The enteric nervous system also makes use of more than 30 neurotransmitters, most of which are identical to the ones found in CNS, such as acetylcholine, dopamine, and serotonin.
More than 90% of the body’s serotonin lies in the gut, as well as about 50% of the body’s dopamine.
The beginning of the gut–brain interactions occurs between the sight and smell of food and the release of gastric secretions, known as the cephalic phase, or cephalic response of digestion.
Astrocytes become activated by low glucose and this activation increases gastric emptying to increase digestion.
The gut flora can produce a range of neuroactive molecules, such as acetylcholine, catecholamines, γ-aminobutyric acid, histamine, melatonin, and serotonin, which are essential for regulating peristalsis and sensation in the gut.
Changes in the composition of the gut flora due to diet, drugs, or disease correlates with levels of circulating cytokines, some of which can affect brain function.
The gut flora releases molecules that can directly activate the vagus nerve, which transmits information about the state of the intestines to the brain.
Chronic or acutely stressful situations activate the hypothalamic–pituitary–adrenal axis.
Such stress causes changes in the gut flora and intestinal epithelium, and possibly having systemic effects.

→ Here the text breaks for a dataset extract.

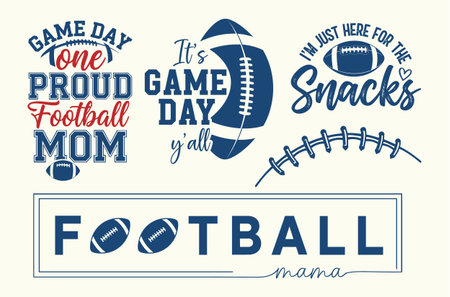 navy and red football quote bundle featuring game day one proud football mom design its game day yall slogan im just here for the snacks script and minimalist football mama word art with balls inside the letters perfect for super bowl shirts moms game day outfits mugs and tailgate party decorのイラスト素材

The cholinergic anti-inflammatory pathway, that signals via the vagus nerve, affects the gut epithelium and flora.
Hunger and satiety are integrated in the brain.
The presence or absence of food in the gut and types of food present also affect the composition and activity of gut flora.
Gut microbiota and oral probiotics have been found to influence systemic inflammation, oxidative stress, glycemic control, tissue lipid content, and mood.
People with anxiety and mood disorders tend to have gastrointestinal problems.
Gut flora can produce noradrenalin, and serotonin, that might affect anxiety.
There is a link between the gut microbiome, mood disorders and anxiety, and sleep.
The microbial composition of the gut changes depending on the time of day, so that the gut is exposed to varying metabolites produced by the microbes active during that time.
Microbial changes are associated with differences in the transcription of circadian clock genes involved in circadian rhythm.
Stress and sleep disturbances can lead to greater gut mucosal permeability via activation of the HPA axis, and this causes immune inflammatory responses that contribute to the development of illnesses that cause depression and anxiety.
Around 70% of people with autism also have gastrointestinal problems, and autism is often diagnosed at the time that the gut flora becomes established, indicating that there may be a connection between autism and gut flora.